As for the self selected questions that a prof can opt for — yes, that’s do-able at EMU, depending on exact circumstances (such as sections, how often you want to change them, etc.); but that still does not add up to a survey instrument that has been designed by experts in assessing instructional effectiveness; it won’t produce a set of questions that reflect state of the art assessmenet tools, but rather questions that strike an instructor’s fancy; and i doubt many of us on the faculty have the expertise to select the right combo of questions to get the cross tabulated data needed to be a meaningful metric.
Education First! Fix the system.
The danger with student evaluations, in my opinion, is when they are viewed as “the” data rather than as a piece of the data.
From my experience, I believe the student evaluations *often* convey a *pretty good* estimate of the overall quality of the instructor. Please note the two qualifications in the previous sentence. When I look at people I believe to be good teachers, their student ratings are *usually* strong. When I look at people I do not believe to be strong teachers, their student ratings *usually* reflect this.

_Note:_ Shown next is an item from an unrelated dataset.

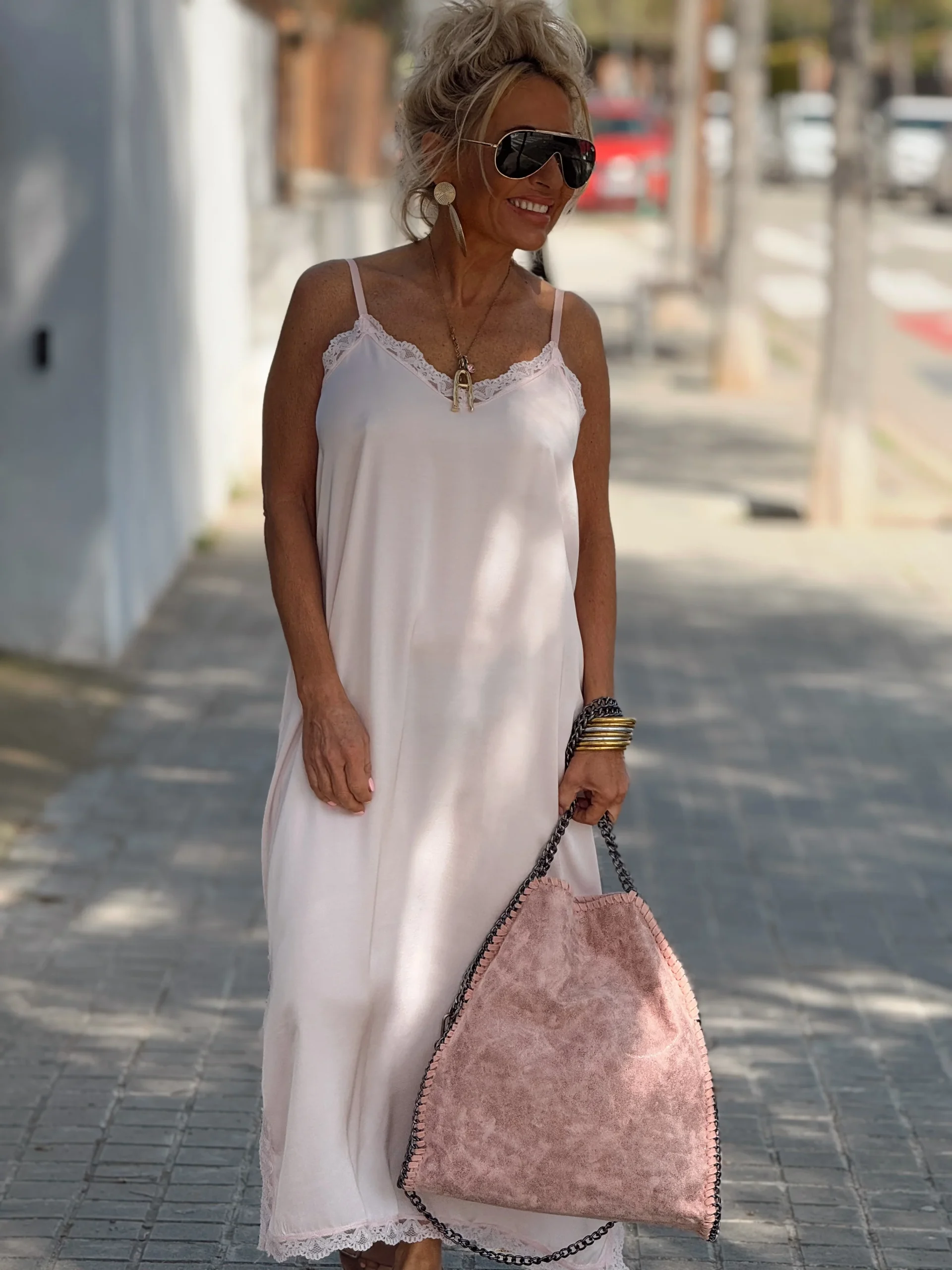 VESTIDO LENCERO FATY ROSA - Imagen 8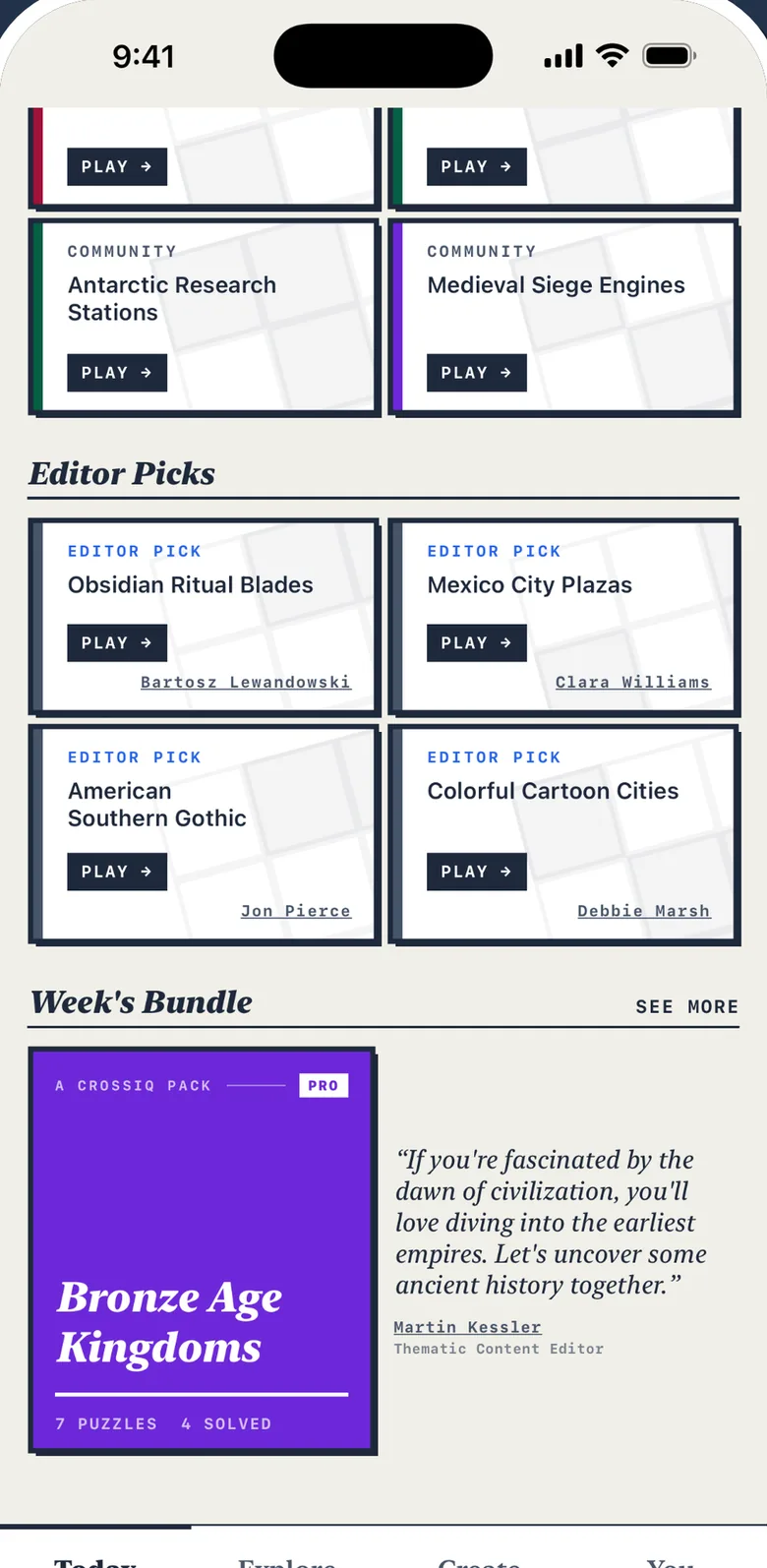 Editor Picks signed by CrossIQ editors, and the Week’s Bundle with an editor’s note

There are exceptions. Many faculty, for example, might complain that their evaluations are worse than a colleague’s because they have higher expectations of their students, and demand more. The solution there, in my judgment, is more data. The tenure and promotion process here allows faculty to offer their own argument for why their work in the classroom merits high ratings from evaluators, even if the student ratings may not support it. So, if someone believes the student ratings do not reflect their qualifications as a teacher, I think the solution is to offer more data, such as:
1. Proof of the rigor of the assignments;
2. Examples of how the instructor is a reflective, devoted teacher (such as lesson outlines, detailed syllabi, teaching journals);
3. Statements of teaching philosophy;
4. Samples of student work to show that learning has taken place;
5. Peer observation reports;
All of these are reasonable, albeit imperfect, sources of data. Presenting these data are fair game under the EMU evaluation system (although one might need to get permission to present student work).

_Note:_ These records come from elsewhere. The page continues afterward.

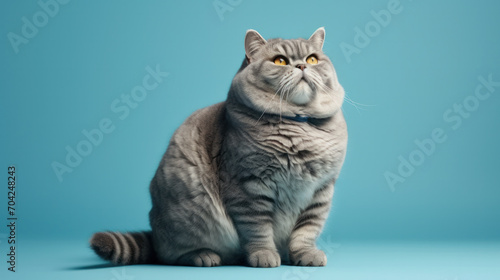 Fat British cat sits on blue background, puts its paw funny and looks ahead with big yellow eyes. Obesity in cats, overweight in animals. © PaulShlykov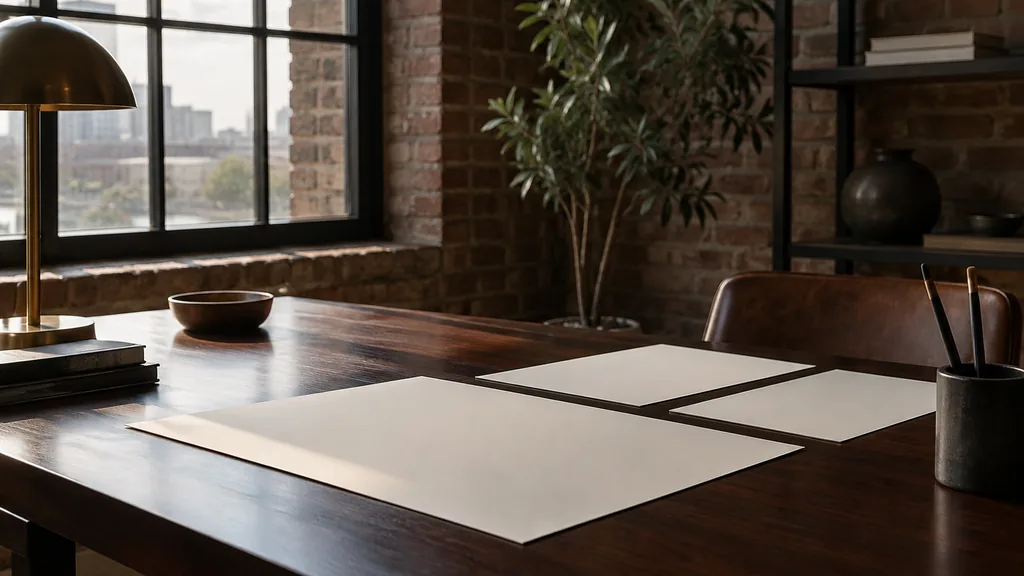 A Richmond branding studio desk with blank brand sheets on dark cherry in soft southern light
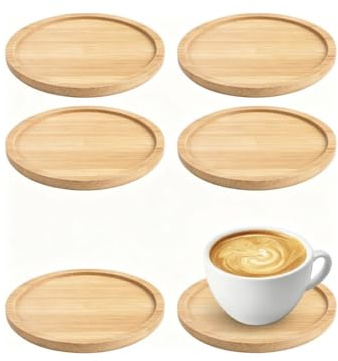 6 Pezzi Sottobicchieri per Candele, 10 Cm Sottobicchieri in Legno, Sottobicchiere per Candele Rotondo, Sottobicchieris Legno, Sottobicchier Rotondi in Bambù, Sottobicchier per Candel Rotondo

Relying solely, or even primarily, on student evaluations is problematic. The truth often lies in the triangulation among imperfect sources.

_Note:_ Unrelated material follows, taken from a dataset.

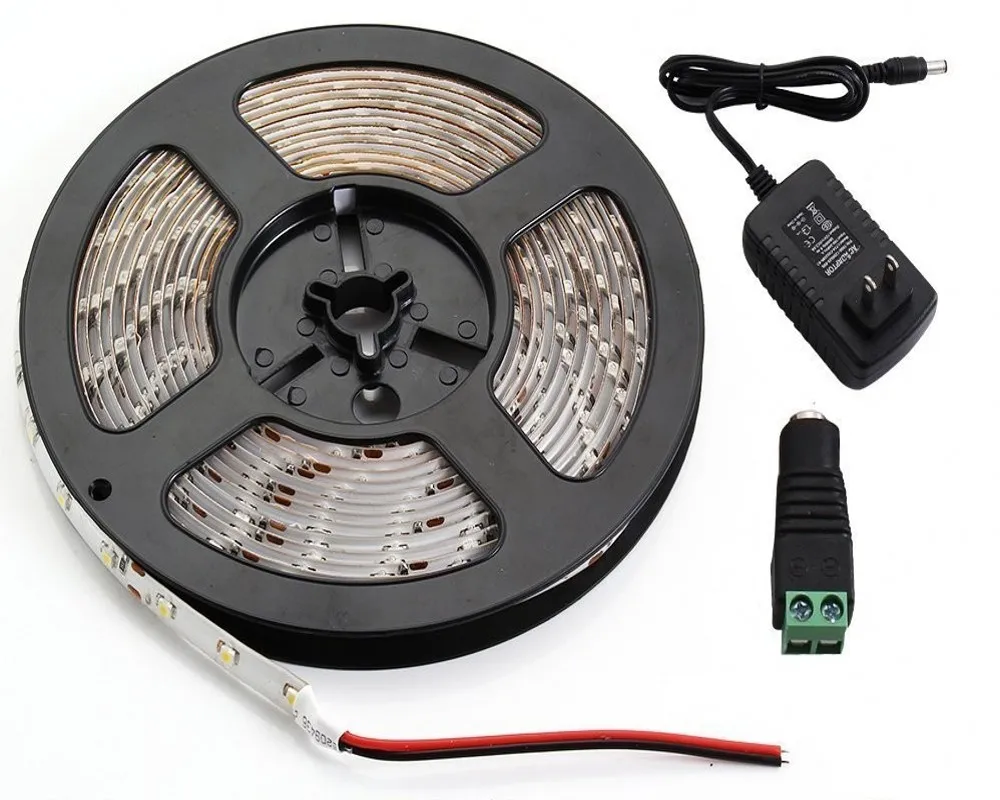 RED 5M 300 LED 3528 DC 12V LED Strip Non-Waterproof / Waterproof  Flexible Changeable Light+DC Female +2A Power Adapter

I ran across these postings by accident looking for Bruce Springsteen (!) and had to add my two cents worth. Mark, I was with you on the Student Evals task force (or whatever it was called) for two years (!) from 04-06, when our contractual authorization expired. We examined (exhaustively) the literature, the experience of other schools, etc. etc. We all agreed that our instrument was flawed, we agreed that students have NO CLUE how evals are used in tenure/promotion decisions and as a consequence may behave irresponsibly, we even came up with some pretty good ways to fix things. Last I remember, a report was to be made to Bob Neeley, who, we were assured, was vitally interested in our findings and would take any action necessary. End of story. I never heard another thing – the whole enterprise sank without a trace. Jeff is quite right about the need for “triangulation” and of course, that is exactly what the contract calls for. But when he says that “usually” student evals confirm his opinions about the teaching abilities of people he “looks at,” I have to wonder what it is he thinks he sees. Good teachers come in all sizes (fortunately!), and sometimes even good teachers are not so good. We all talk about easy grades as a way to improve evals, but it is far more complicated – context is all. The size of the class, the composition of the class, the time of day, required or elective, the popularity of the subject matter, the race and gender of the teacher, are all variables that impact student evals and are generally outside the control of the instructor. The literature is pretty clear – student evals can help us identify truly gifted teachers and really abysmal teachers – but can’t distinguish among those in between.